She died not long after that meeting, and I kept, at times, thinking about my friend’s story and her last words and what she meant by them until one day I was told that before the meeting mentioned above, a close relative of hers died in Jeddah Saudi Arabia, and she had to visit and give condolences, and as tradition dictates she may had to wail (መልቀስ), the people who were present and took notice of what she was saying wondered of what they have seen and heard, she was weeping and saying in a low toned voice “ oh, I had a message for you to take with…I had a message for you to take with! ”, And kept repeating it like a broken record.
The conclusion was clear. It was clear to me that she was most unhappy women; she was disappointed and crashed by her son’s destiny. He was her only son, and now she is trying to throw an absolute privacy on what concerns his demise, to her it is so private to an extent that no public grief or expression of sorrow is to mitigate the pain. She wished also if she could have sent a message…a message? That even is closed to her and impossible! One can’t send a message to be taken with a dying man unless one is sure the messenger accepts his death before his death and will die immediately after the message is handed to him! You can’t tell a dying man to take a message to the world of the death! What a cruelty would that be.!

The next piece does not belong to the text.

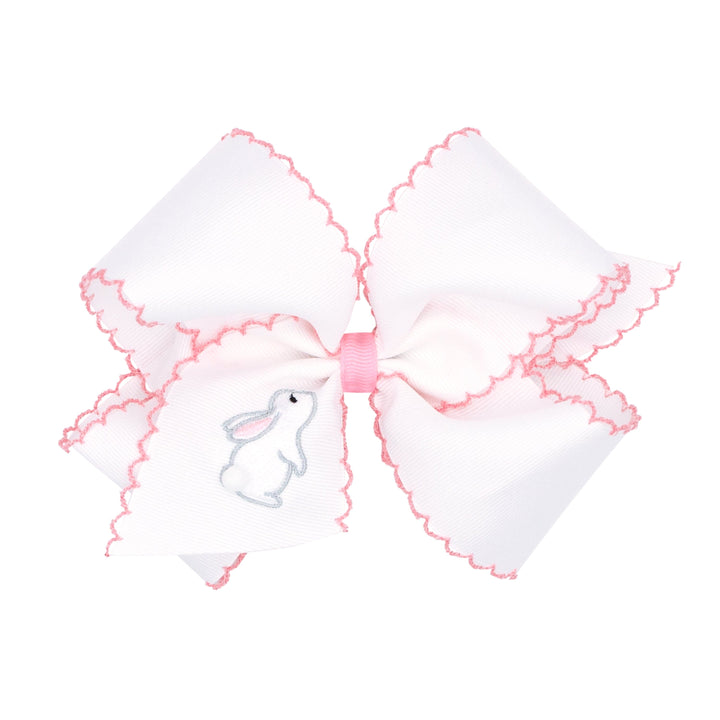 Grosgrain Bunny Tail Bows Hair Bow WeeOnes King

To whom would the message be sent if not to her only son? I have read in the past something similar to this story, strikingly similar in a way, and I remember it every time the story of Amin and his mother is reiterated. This is what I read; I am copying here a snippet from the essay-on sorrow- by the French essayist Montaigne:
“the story says that Psammenitus, King of Egypt, being defeated and taken prisoner by Cambyses, King of Persia, seeing his own daughter pass by him as prisoner, and in a wretched habit, with a bucket to draw water, though his friends about him were so concerned as to break out into tears and lamentations, yet he himself remained unmoved, without uttering a word, his eyes fixed upon the ground; and seeing, moreover, his son immediately after led to execution, still maintained the same countenance; till spying at last one of his domestic and familiar friends dragged away amongst the captives, he fell to tearing his hair and beating his breast, with all the other extravagances of extreme sorrow. The story proceeds to tell us that Cambyses asking Psammenitus, “Why, not being moved at the calamity of his son and daughter, he should with so great impatience bear the misfortune of his friend?” “It is,” answered he, “because only this last affliction was to be manifested by tears, the two first far exceeding all manner of expression.”
Revolutionary Siblings
Although this essay is, by all measures, incomplete it would even be more so if it closed itself without mentioning two great men of Akria. These were the two brothers, Musa Mohammed Nur and his younger brother Dr. Taha Mohammed Nur.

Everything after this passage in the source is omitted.